Assign colors to quantities

This function facilitates assigned colors to the Series objects contained in this PlotData instance.

Parameters:
  • colors – Specify the colours to use. This can be - A list of colours that applies to the list of all matching items - A single colour to use for all matching items - The name of a colormap to use (e.g., ‘Blues’)
  • results – A list of results to set colors for, or a dict of results where the key names the results (e.g. PlotData.results)
  • pops – A list of pops to set colors for, or a dict of pops where the key names the pops (e.g. PlotData.pops

:param outputs:A list of outputs to set colors for, or a dict of outputs where the key names the outputs (e.g. PlotData.outputs) :param overwrite: False (default) or True. If True, then any existing manually set colours will be overwritten :return: The PlotData instance (also modified in-place)

Essentially, the lists of results, pops, and outputs are used to filter the Series resulting in a list of Series to operate on. Then, the colors argument is applied to that list.

tvals()[source]

Return vector of time values

This method returns a vector of time values for the PlotData object, if all of the series have the same time axis (otherwise it will throw an error). All series must have the same number of timepoints. This will always be the case for a PlotData object unless the instance has been manually modified after construction.

Returns:Tuple with (array of time values, array of time labels)
class atomica.plotting.Series(tvec, vals, result='default', pop='default', output='default', data_label='', color=None, units='', timescale=None, data_pop='')[source]

Represent a plottable time series

A Series represents a quantity available for plotting. It is like a TimeSeries but contains additional information only used for plotting, such as color.

Parameters:
  • tvec – array of time values
  • vals – array of values
  • result – name of the result associated with ths data
  • pop – name of the pop associated with the data
  • output – name of the output associated with the data
  • data_label – name of a quantity in project data to plot in conjunction with this Series
  • color – the color to render the Series with
  • units – the units for the values
  • timescale – For Number, Probability and Duration units, there are timescales associated with them
color = None

the color to render the Series with

data_label = None

Used to identify data for plotting - should match the name of a data TDVE

data_pop = None

Used to identify which population in the TDVE (specified by data_label) to look up

interpolate(new_tvec)[source]

Return interpolated vector of values

This function returns an np.array() with the values of this series interpolated onto the requested time array new_tvec. To ensure results are not misleading, extrapolation is disabled and will return NaN if new_tvec contains values outside the original time range.

Note that unlike PlotData.interpolate(), Series.interpolate() does not modify the object but instead returns the interpolated values. This makes the Series object more versatile (PlotData is generally used only for plotting, but the Series object can be a convenient way to work with values computed using the sophisticated aggregations within PlotData).

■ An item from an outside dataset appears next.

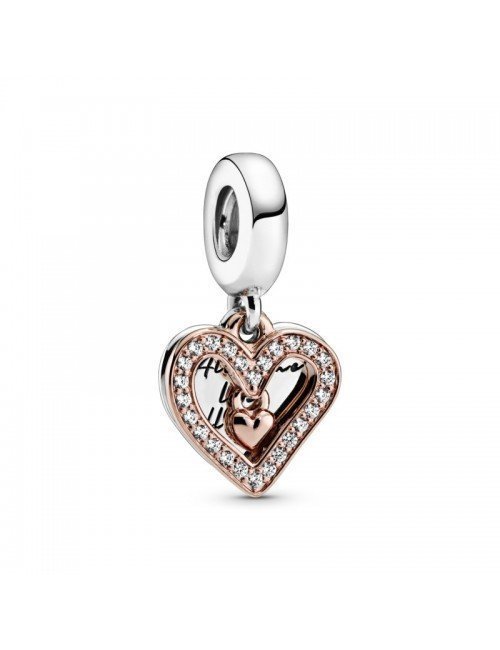 Pandora Rose Charm Ciondolo a forma di cuore con zirconi - Offerta online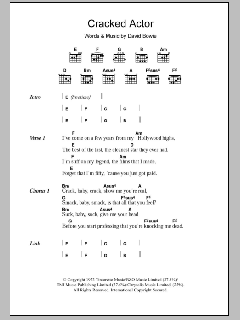 Cracked Actor von David Bowie (Download)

Parameters:new_tvec – array of new time values
Returns:array with interpolated values (same size as new_tvec)
output = None

name of the output associated with the data

pop = None

name of the pop associated with the data

result = None

name of the result associated with ths data

t_labels = None

Iterable array of time labels - could be set to strings like [2010-2014]

timescale = None

If the quantity has a time-like denominator (e.g. number/year, probability/day) then the denominator is stored here (in units of years) This enables quantities to be time-aggregated correctly (e.g. number/day must be converted to number/timestep prior to summation or integration) For links, the timescale is normally just dt. This also enables more rigorous checking for quantities with time denominators than checking for a string like '/year' because users may not set this specifically.

tvec = None

array of time values

unit_string

Return the units for the quantity including timescale

When making plots, it is useful for the axis label to have the units of the quantity. The units should also include the time scale e.g. “Death rate (probability per day)”. However, if the timescale changes due to aggregation or accumulation, then the value might be different. In that case, The unit of the quantity is interpreted as a numerator if the Timescale is not None. For example, Compartments have units of ‘number’, while Links have units of ‘number/timestep’ which is stored as Series.units='number' and Series.timescale=0.25 (if dt=0.25). The unit_string attribute

Returns:
units = None

The units for the quantity to display on the plot

vals = None

array of values

atomica.plotting._apply_series_formatting(ax, plot_type)[source]
Return type:None
atomica.plotting._expand_dict(x)[source]

Expand a dict with multiple keys into a list of single-key dicts

An aggregation is defined as a mapping of multiple outputs into a single variable with a single label. This is represented by a dict with a single key, where the key is the label of the new quantity, and the value represents the instructions for how to compute the quantity. Sometimes outputs and pops are used directly, without renaming, so in this case, only the string representing the name of the quantity is required. Therefore, the format used internally by PlotData is that outputs/pops are represented as lists with length equal to the total number of quantities being returned/computed, and that list can contain dictionaries with single keys whenever an aggregation is required.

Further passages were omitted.